■ **WORK ORDER**: Take the listing below and output it exactly, with no images.

◇ ◇ ◇ ◇

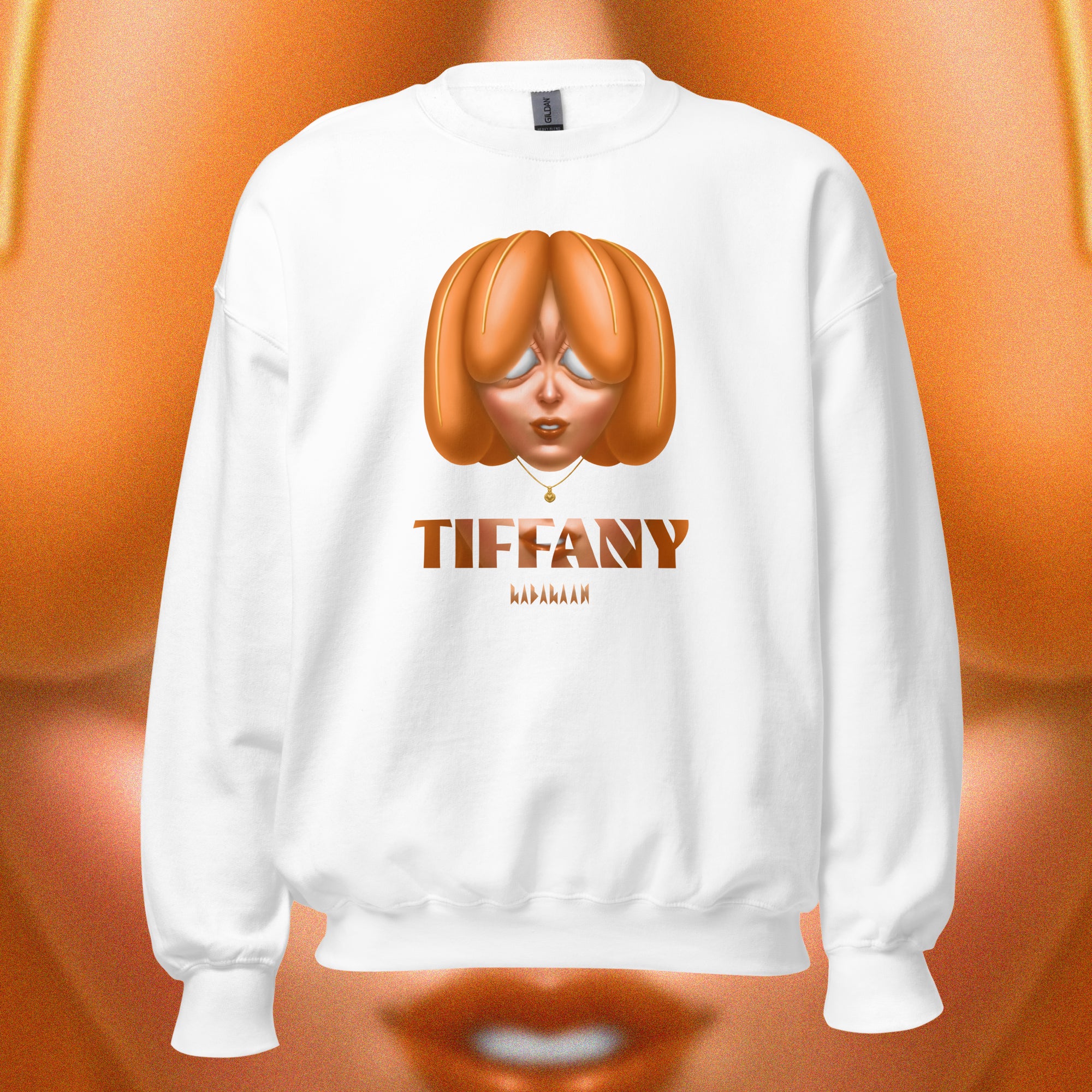 SWEATSHIRT TIFFANY ORANGE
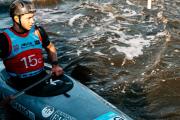 Manuel Tripano se consagró campeón panamericano de canotaje slalom en Canadá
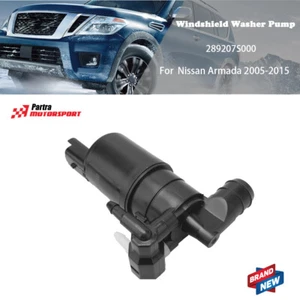 For 2004-2015 Nissan Armada Windshield Washer Pump 289207S000 28920-7S000 - Picture 1 of 7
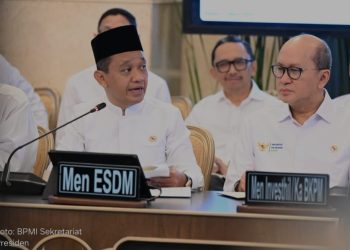 Menteri Bahlil Lapor Presiden, Stok BBM dan LPG Aman Jelang Lebaran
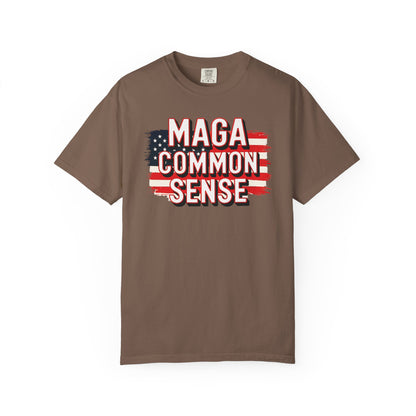 "MAGA Common Sense" #02, Unisex T-shirt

◇ ◇ ◇ ◇

■ **ANSWER TO THIS PROBLEM**:
 SWEATSHIRT TIFFANY ORANGE
 Manuel Tripano se consagró campeón panamericano de canotaje slalom en Canadá
 For 2004-2015 Nissan Armada Windshield Washer Pump 289207S000 28920-7S000 - Picture 1 of 7
 Menteri Bahlil Lapor Presiden, Stok BBM dan LPG Aman Jelang Lebaran
 "MAGA Common Sense" #02, Unisex T-shirt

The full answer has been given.